Much of the rest of the estate has been bought by Lord Phillimore, son of the neo-Georgian architect Claud Phillimore, so cultural disaster has been averted and this beautiful part of Dorset continues to be cherished and managed on traditional lines by sympathetic new owners.
Crichel stands on the site of a Jacobean predecessor that burnt down in 1742. The house was promptly rebuilt ‘in great splendour’ from 1743 to 1747 by Sir William Napier. His architect was John Bastard of Blandford, scion of the leading builder-architects in the area, famous for the handsome early-18th-century buildings they erected in their home town. Bastard was paid as architect in Napier’s bank account at Hoare’s. Payments are also recorded there to Francis Cartwright, another leading Dorset builder, who was probably the contractor executing Bastard’s designs.
The new house was a three-storeyed rectangular block with the staircase and hall on axis and the main entrance on the east side facing the church like its Jacobean predecessor. Its style was the English Baroque perpetuated by the Bastards with moulded window architraves and curly doorway pediments; it can still be seen behind the neo-Classical colonnade on the south front and was recorded in a vignette on an estate map of 1765.
The interior had Rococo plasterwork very similar to the Bastard work in Blandford church, the best of which survives in the West Hall, the original staircase hall, with Napier’s arms in a large cartouche on the ceiling. The 1740s joinery was also of good quality as demonstrated in the turned-oak balusters and carved tread ends of the present staircase reset by Wyatt in the 1770s.
In 1765, the estate was inherited by Humphrey Sturt. He was the nephew and heir of Sir William Napier of Crichel, the last baronet of the Napper or Napier family, which had owned the Crichel estate since the early 17th century. Through his mother’s family, Sturt was the heir to the Alingtons, whose dormant barony was to be re-created for the Victorian owners of Crichel in 1876.
The Sturts themselves emerged in the 17th century as rich merchants and aldermen of London. Humphrey’s maternal grandfather was Lord Mayor. When he inherited Crichel, he already owned estates in Hampshire, Wiltshire and Devon, as well as the Sturt family seat at neighbouring Horton in Dorset, which he now gave up and replaced with Crichel.

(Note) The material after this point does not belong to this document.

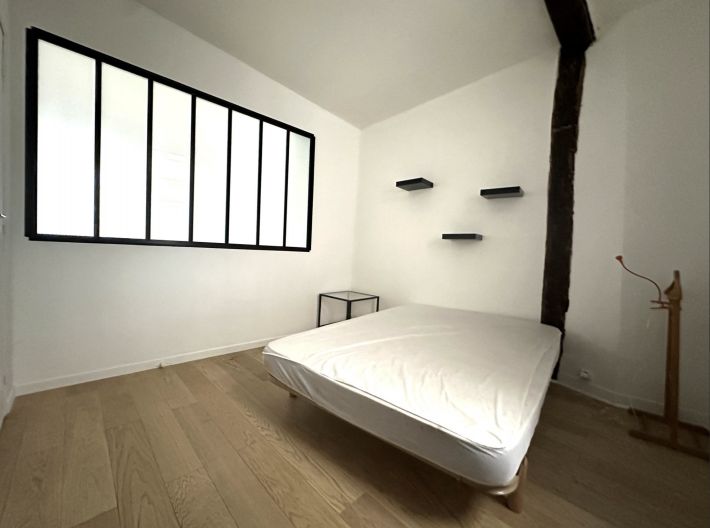 Superb Apartment in Heart of Historic Town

Sturt was not only very rich as a result of these inheritances, he was also married to the heiress of Hoxton, a London property on the edge of the City that effectively paid for his own grand scheme to transform the house. Arthur Young, the agriculturist, described Sturt as ‘his own architect’ and his changes to Crichel have all the originality and quirkiness to be expected of a Georgian virtuoso-amateur.
In effect, a series of new additions was wrapped around the existing 1740s house, which was retained in the middle: large new rooms were built at each corner and a bedroom storey and Ionic portico or colonnade on the south front, which remains the house’s most idiosyncratic feature. The grounds were landscaped with a large crescent-shaped lake and belts of trees in the manner of Capability Brown.
Engaging the Wyatts
In his History of Dorset (1774), Hutchins wrote that the house was ‘so immensely enlarged that it has the appearance of a mansion of a prince, more than that of a country gentleman’. The Bastards were used again as the builders. John, William, Benjamin, James and Thomas Bastard II were all paid for work between February 1768 and 1773, but, in 1772, Sturt brought in James Wyatt and his brother Samuel to design superb interiors and finish the project.

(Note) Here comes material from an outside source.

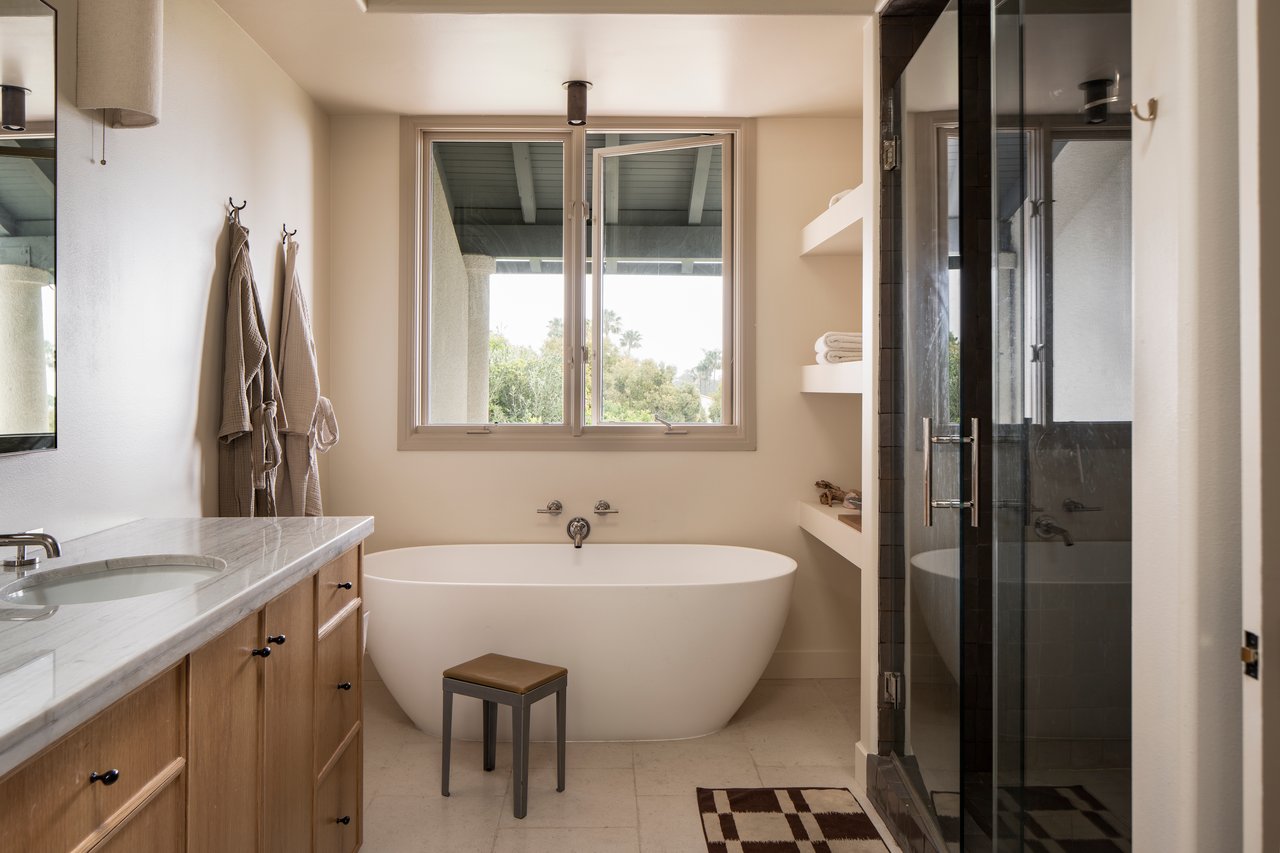 6435 Zumirez Dr Unit: 8, Malibu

Sturt encountered the Wyatts’ architecture through the Pantheon, a ‘Winter Ranelagh’ in Oxford Street, London, which opened to spectacular acclaim in January 1772. Like many other English, Welsh and Irish landowners, Sturt was impressed, and immediately asked the 26-year-old James Wyatt to design the new rooms within the extensions he was constructing. These were mentioned by Hutchins in 1774: ‘The hall, dining room, drawing room, portico, library, the common dining parlour, with all the apartments over them are entirely his [Sturt’s] additions. The staircase is in the middle of the house lighted by an elegant glass dome.’
Sturt had already progressed with the dining parlour, library and the new (east) entrance hall, but Wyatt completed the latter and was entirely responsible for the other rooms, including the best dining room and drawing room and the upper storey on the south and east fronts. They are among his finest surviving early rooms in England and parallel other works of his in the early 1770s, such as the interior of Beaudesert in Staffordshire, now destroyed.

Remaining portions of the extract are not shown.